Description
The user finds themselves inside of a small, rectangular town. Pink buildings encircle a clear blue lake, with no visible exit from the road which follows its edge. In the lake, the reflection of the town can be seen. Nearer to the player, a bridge stretches across the lake, and on the opposite end of the lake, a pier stretches into it. People are scattered about the town, walking around, sitting, or standing, going about their lives. Approaching and speaking with the residents reveals the simple society and economy of the town. Its everyday people are generally distrustful of difference and find their purpose in diving and digging for stones to give to the rulers in exchange for property rights. After talking with the king about stones, a mysterious light appears at the end of the pier.

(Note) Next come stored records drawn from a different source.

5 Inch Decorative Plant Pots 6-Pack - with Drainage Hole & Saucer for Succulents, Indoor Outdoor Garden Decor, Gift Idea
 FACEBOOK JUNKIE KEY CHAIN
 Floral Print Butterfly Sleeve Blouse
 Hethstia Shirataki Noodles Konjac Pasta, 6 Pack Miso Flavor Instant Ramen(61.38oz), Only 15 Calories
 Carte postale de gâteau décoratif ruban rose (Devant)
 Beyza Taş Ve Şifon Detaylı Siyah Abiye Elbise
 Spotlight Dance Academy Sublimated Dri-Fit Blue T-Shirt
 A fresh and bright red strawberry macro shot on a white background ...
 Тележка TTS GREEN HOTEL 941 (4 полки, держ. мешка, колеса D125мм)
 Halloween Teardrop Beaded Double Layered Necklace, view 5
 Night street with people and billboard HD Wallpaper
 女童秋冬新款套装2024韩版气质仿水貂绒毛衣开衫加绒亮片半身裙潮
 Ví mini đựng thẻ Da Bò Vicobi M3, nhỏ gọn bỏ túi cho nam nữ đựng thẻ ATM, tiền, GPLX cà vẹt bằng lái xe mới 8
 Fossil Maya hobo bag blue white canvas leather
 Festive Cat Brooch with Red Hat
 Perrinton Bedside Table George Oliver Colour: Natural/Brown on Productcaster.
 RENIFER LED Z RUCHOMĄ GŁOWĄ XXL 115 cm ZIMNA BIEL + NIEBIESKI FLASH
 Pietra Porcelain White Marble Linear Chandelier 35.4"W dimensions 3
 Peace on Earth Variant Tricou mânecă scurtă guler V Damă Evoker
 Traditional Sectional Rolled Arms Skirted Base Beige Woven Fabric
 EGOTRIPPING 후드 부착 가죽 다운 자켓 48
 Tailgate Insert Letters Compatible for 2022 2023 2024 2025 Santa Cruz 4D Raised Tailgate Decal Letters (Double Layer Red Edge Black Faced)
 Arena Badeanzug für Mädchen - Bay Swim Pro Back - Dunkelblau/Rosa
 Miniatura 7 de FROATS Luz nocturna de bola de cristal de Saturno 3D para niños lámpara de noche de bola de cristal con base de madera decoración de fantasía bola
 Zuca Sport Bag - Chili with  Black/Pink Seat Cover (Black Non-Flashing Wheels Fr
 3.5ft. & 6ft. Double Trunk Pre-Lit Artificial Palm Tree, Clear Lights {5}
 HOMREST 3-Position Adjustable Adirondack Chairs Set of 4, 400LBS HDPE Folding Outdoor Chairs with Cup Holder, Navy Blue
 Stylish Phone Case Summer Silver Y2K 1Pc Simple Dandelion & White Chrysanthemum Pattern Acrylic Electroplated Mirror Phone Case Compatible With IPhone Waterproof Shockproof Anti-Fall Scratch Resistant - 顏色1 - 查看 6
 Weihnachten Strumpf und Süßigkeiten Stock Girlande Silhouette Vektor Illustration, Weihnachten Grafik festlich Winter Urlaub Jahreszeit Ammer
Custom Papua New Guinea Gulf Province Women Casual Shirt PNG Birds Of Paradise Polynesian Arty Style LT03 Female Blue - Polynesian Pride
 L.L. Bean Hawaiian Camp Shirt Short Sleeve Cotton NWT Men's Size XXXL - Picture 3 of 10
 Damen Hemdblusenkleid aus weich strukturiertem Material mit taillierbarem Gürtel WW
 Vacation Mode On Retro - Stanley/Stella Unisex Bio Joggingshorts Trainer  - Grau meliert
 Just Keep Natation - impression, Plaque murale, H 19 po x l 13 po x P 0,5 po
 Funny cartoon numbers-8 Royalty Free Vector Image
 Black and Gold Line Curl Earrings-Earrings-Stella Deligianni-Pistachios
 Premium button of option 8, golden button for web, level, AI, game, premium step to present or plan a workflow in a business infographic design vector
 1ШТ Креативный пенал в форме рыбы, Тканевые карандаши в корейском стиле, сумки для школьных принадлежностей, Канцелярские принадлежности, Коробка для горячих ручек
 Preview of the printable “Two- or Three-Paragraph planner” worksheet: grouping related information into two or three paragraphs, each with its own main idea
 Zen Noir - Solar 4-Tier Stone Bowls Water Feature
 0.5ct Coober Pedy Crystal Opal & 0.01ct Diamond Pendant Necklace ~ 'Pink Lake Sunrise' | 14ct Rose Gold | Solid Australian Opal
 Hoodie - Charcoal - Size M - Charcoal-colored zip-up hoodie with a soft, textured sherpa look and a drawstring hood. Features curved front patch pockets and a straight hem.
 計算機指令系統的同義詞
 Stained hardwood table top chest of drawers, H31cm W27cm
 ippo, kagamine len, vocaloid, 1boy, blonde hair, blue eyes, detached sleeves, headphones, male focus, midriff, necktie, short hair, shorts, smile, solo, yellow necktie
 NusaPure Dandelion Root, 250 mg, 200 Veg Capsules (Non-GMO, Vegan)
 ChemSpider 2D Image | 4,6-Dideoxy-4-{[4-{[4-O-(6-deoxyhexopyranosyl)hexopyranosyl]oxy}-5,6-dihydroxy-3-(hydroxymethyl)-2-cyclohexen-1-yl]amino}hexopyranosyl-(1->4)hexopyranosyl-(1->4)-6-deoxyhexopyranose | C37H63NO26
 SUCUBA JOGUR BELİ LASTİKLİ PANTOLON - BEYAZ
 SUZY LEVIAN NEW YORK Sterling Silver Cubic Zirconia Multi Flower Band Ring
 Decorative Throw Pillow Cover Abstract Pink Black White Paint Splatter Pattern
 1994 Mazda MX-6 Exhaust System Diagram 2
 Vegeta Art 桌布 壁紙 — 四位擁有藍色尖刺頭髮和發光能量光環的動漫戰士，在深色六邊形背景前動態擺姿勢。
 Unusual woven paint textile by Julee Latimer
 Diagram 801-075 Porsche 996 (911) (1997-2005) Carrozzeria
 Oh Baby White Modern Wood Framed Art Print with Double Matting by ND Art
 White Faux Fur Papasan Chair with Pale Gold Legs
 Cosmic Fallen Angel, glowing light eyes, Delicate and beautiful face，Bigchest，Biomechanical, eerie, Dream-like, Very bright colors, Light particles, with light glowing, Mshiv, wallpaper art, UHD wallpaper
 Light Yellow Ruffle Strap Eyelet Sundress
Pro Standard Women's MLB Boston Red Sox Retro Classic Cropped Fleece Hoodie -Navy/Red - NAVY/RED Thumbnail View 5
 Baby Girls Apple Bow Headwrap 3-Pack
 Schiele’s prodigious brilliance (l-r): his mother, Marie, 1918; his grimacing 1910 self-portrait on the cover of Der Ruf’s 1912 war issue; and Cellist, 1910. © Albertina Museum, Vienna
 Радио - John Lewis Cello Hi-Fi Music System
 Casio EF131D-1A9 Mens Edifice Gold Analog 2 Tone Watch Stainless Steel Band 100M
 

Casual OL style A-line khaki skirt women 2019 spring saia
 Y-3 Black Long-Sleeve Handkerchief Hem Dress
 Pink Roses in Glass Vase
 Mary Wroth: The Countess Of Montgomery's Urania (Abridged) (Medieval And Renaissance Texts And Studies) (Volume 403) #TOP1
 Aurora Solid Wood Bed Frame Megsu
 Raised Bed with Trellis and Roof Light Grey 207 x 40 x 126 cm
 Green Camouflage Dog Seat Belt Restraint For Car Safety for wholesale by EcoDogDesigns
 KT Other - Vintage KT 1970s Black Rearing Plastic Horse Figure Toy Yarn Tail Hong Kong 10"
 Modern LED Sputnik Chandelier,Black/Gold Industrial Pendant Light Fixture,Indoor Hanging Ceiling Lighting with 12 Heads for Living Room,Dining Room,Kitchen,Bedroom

Upon interacting with the light, most light disappears. A subtle mirroring of building positions suggest this is not the same place, though the same people are scattered about. Faint lights illuminate the road, and a bright spotlight falls on the most cheerful peasant from the first town. Approaching and interacting with the residents, the user finds that they residents no longer recognize the player. Instead, as the user moves from scene to scene, the underlying emotional and political complexities of the town unveil themselves. An overly cheerful peasant lives with depression. A busy wife cheats on her yearning husband. Virtuous rulers exploit the labor of the people for valuables without proper compensation or explanation of their worth. An angry witch sees all but does nothing, for the wizard keeps everyone under illusion. A charismatic and responsible king submits to the dutiful queen’s insistence on greed despite his guilty conscience, as well as the waning powers and reasoned council of his trusted wizard A loyal servant to the queen kills a merchant who refuses to explain how they arrived in the town, driven mad by her suspicions of the rulers.
Process
This project was created in collaboration with Yeji and Ganjina.
At the beginning of the process, we had each voted for different topics, so we brainstormed different compelling narratives and environments for each topic. We narrowed down that list to two. The first fell into the apocalypse theme. The user would find themselves in an apocalyptic environment. When they interacted with the environment, they would be sent into a memory, during which they could choose to alter the timeline and repair the piece of the environment with which they had interacted. The second idea involved expanding upon the city of Valdrada from Invisible Cities. According to Calvino, this city was “built. . . on the shores of a lake, with houses all verandas one above the other,” such that “the traveler . . . sees two cities: one erect above the lake, and the other reflected, upside down” (Calvino 45). Calvino goes on to describe it as “twin cities” that “are not equal,” for “every face and gesture is answered, from the mirror, by a face and gesture inverted, point by point” (45-46). In this way, they “live for each other . . . but there is no love between them” (46). Feedback from the class was inconclusive, so we expanded both ideas a bit more, searching for compelling stories, interactions, and environments which might take place.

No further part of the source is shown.